> About this task
The answer consists solely of the lines running from the one with "Opbevaringsseng med hovedgærde" through the final line below, transcribed exactly and without any pictures.

> Collected material
● ● ● ●

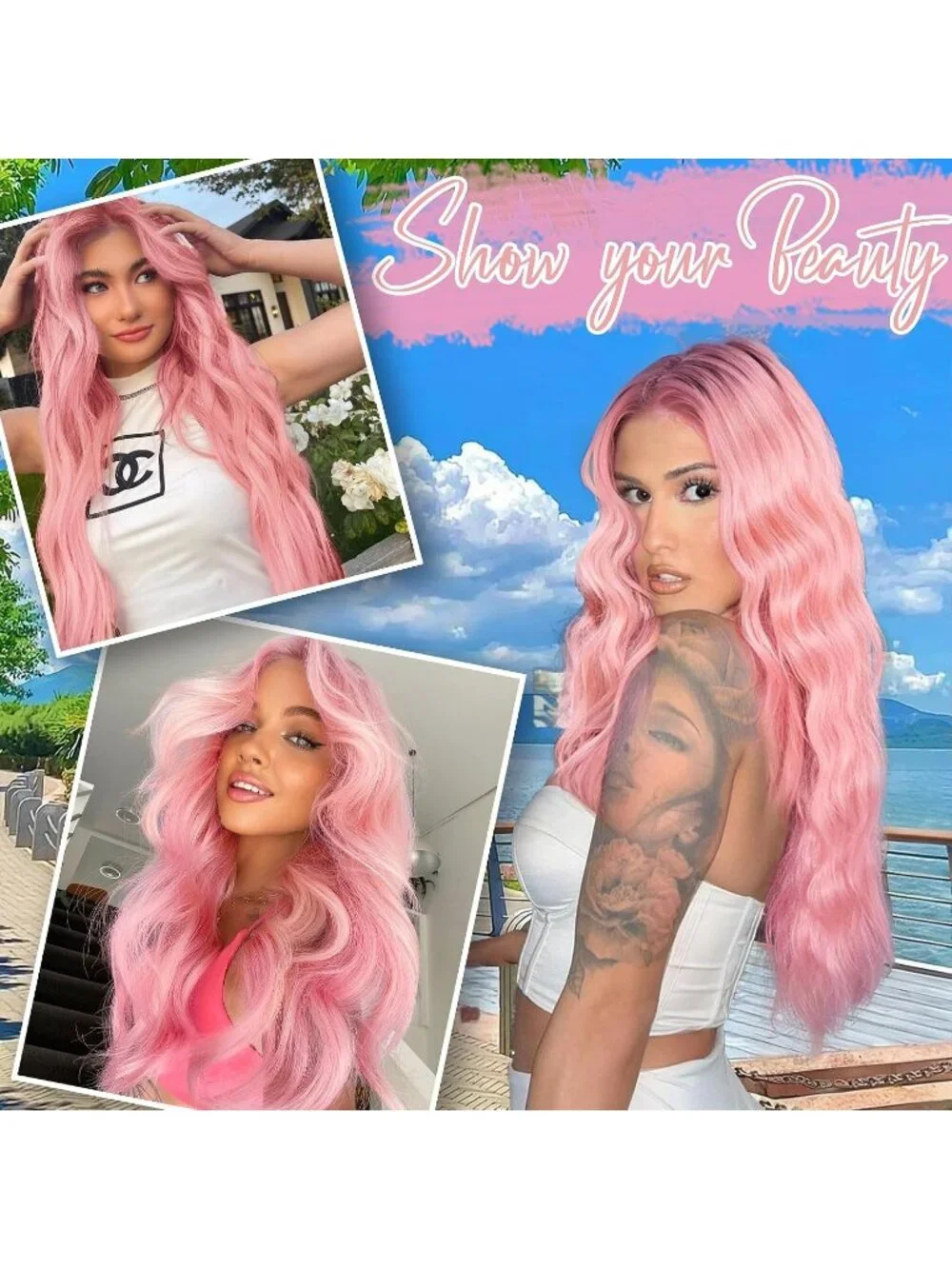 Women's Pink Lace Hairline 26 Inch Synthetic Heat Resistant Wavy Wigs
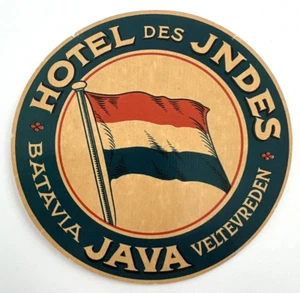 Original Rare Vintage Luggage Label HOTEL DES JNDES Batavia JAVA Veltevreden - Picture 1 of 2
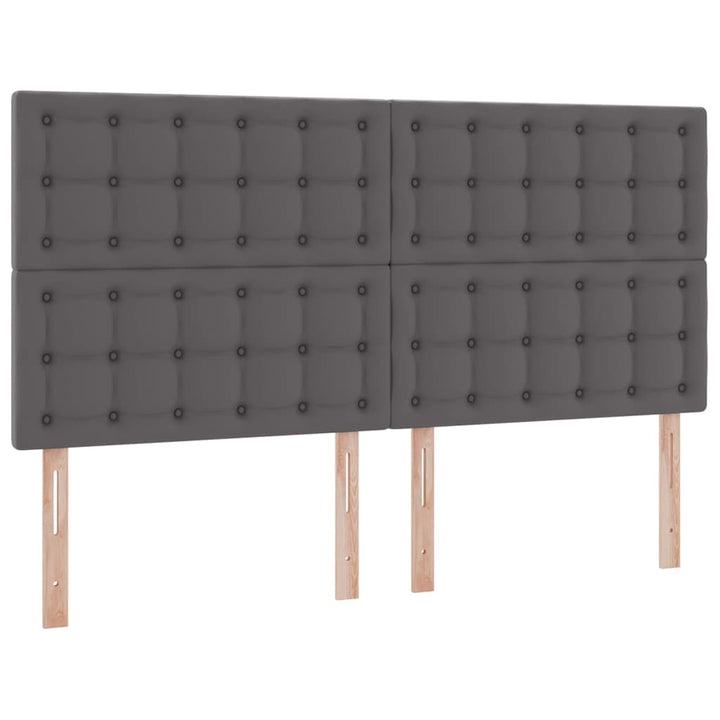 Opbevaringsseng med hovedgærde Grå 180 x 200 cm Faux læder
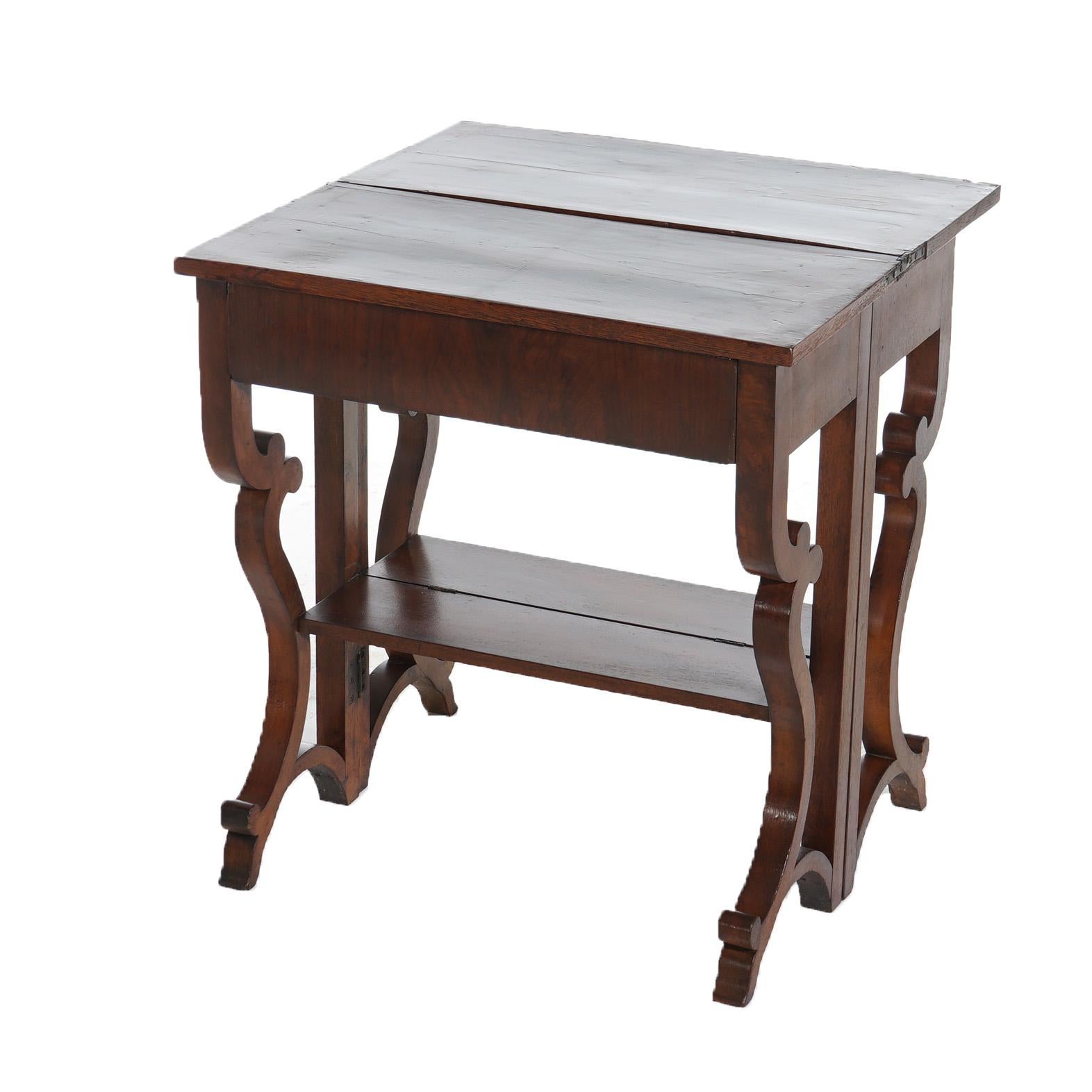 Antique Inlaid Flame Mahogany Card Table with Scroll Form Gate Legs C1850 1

● ● ● ●

> Result
 Opbevaringsseng med hovedgærde Grå 180 x 200 cm Faux læder
 Antique Inlaid Flame Mahogany Card Table with Scroll Form Gate Legs C1850 1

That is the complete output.